“It’s when I’m weary of considerations,/ And life is too much like a pathless wood…/ I’d like to get away from earth a while/ And then come back to it and begin over…/…Earth’s the right place for love:/ I don’t know where it’s likely to go better.”—Robert Frost, Birches
1. If: Counterpoints
If you marvelled at the dance of the Northern Lights
Counterpointing the smouldering plumes of ashen smoke
Billowing out of an Eyjafjallajokull cradled by melting glacier,
Or quietly scanned the opal horizons of Banda Aceh swathed
In a glorious sunset chiaroscuro before the waves claimed
Atolls and infants back into the rip tide roar of that tsunami;
If you were ambushed by an unforgiving temblor that rocked
Haiti out of its romping in reggae regaled beaches turned
Into common graveyards of carrion crushed under rubble;
If you have walked through cherry-blossom-strewn streets
And smiled at strangers’ hallooing: How about this spring?
Before rampaging twister funnels crushed hearths and homes;
If you have strolled and danced ragtime beat on Orleans’

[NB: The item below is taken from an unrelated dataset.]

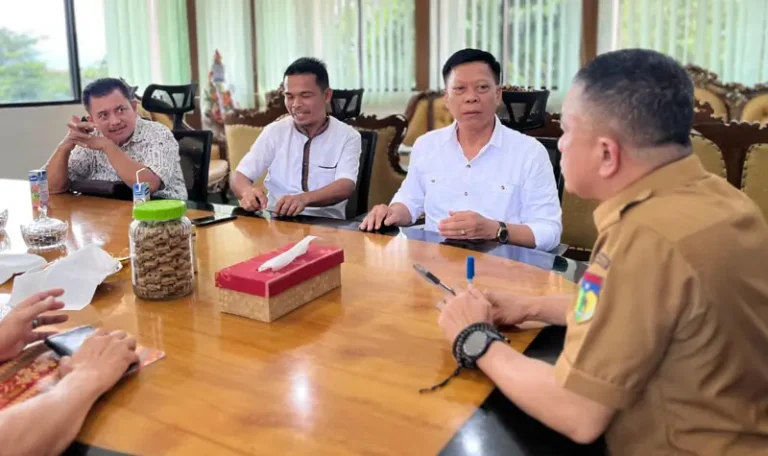 Wali KOta Palu, Hadianto Rasyid (kanan) saat menerima kunjungan Panitia Sidang Klasis ke-56 Gereja Toraja di RUang Kerja Wali Kota, Senin (21/4/2025). (Foto: Prokopim Setda Kota Palu/Jufri)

Roadhouses rocking rampant with rap and razzmatazz
Before Katrina’s wrath wreaked hell’s hurricane havoc;
If you still marvel at forest flowers as God’s fingers
And espy sandpipers bolt through thicket cramping marsh
Before infernal flames crackle through Santa Barbara’s hills;
If you have stolen kisses and felt purloined embraces
In the limpid ripples of Cancun’s caressingly undulant seas
Before the onset of the curdling spill on the playa negra;
If you braved the stygian stink of Ilog Pasig and sang songs
While harvesting floating tulips, debris, or stray crayfish
For some foregone repast before it turned into River Styx;
If you have lived through these and now blow fanfare
For Earth’s being the right place for love or maybe care,
You might yet begin to accept that Mother’s lullabies were
Also her gnashing of teeth when you wailed through nights
When slumber would have allowed her love not tantrums
Of infants grown now and “quartered in the hands of war”:
2. Wrath of Days
How else explain the wrath of days descending
not into quietness but pain? Has she not kept her anger
in check for all the tantrums of the Ages: Thermopylae,
Masada, Ilium, Pompeii? Hiroshima, Auschwitz, Nagasaki?
Stalin’s pogroms? The death chambers and Holocaust trains?
Polpot’s killing fields in Kampuchea? Rwanda’s genocide?
Before it lured tourist trekkers, the verboten Walls of China?
The Berlin Wall? The Gaza Wall? Fences of n.i.m.b.y.
neighbours: India and Pakistan, Iran and Iraq, splintered
Korea, the Irelands shorn of the emerald isles, the fractured
United Kingdom where the sun has finally set on its Empire,
the still haemorrhaging American southern states crippled
and still unyoked from black history but seething now
from the African-American’s irascible entitlement —
With Zimbabwe’s apartheid, Congo’s rapes, Ethiopia’s
hunger, Sudan’s ceaseless putsch tango, Somalia’s piracy
trade, tribal wars in Uganda, Namibia, Botswana, Kenya,
will blacks overcome someday, soon? Only if they, too,
would get munitions from Venezuela’s bottomless vaults
gurgling with black gold, aceite y petroleo, and Oil of Ages.
Lubricator of the war and killing machines, In Oil we Trust.
3. The Spill and Fall
Has it gone any better? Love on this piece of terra infirma?
That’s when Mother shushed you back to sleep,
An impatient rhythm clipping away what should have been
A gently lulling melody from the Song of Ages:
“Rock-a-bye, baby on the treetop; when the wind blows,
The cradle will rock. When the bough breaks, the cradle
Will fall; and down will come baby, cradle, and all.”
The bough breaks, and you scream. Too late for that.
This is not a dream. The freefall is Mother’s little slip
When she could no longer hold you still, somnolence
Finally taking over, and your cri d’couer, a scream
For help, for caress, for all the love gone from an empty room.
The cradle falls, she can’t pick it up. Exhausted and utterly
Spent, she mutters in her sleep: Spare the rod, spoil the child.
Tomorrow, if it comes, Mother will prop up — backaches
Assault her waking days now — will step into her plimsoll
As she would her dancing pumps, oil-soaked slippers.
She will slip and fall before anyone else wakes up.
She will yell: “Damn it, who spilled oil on the floor this time?”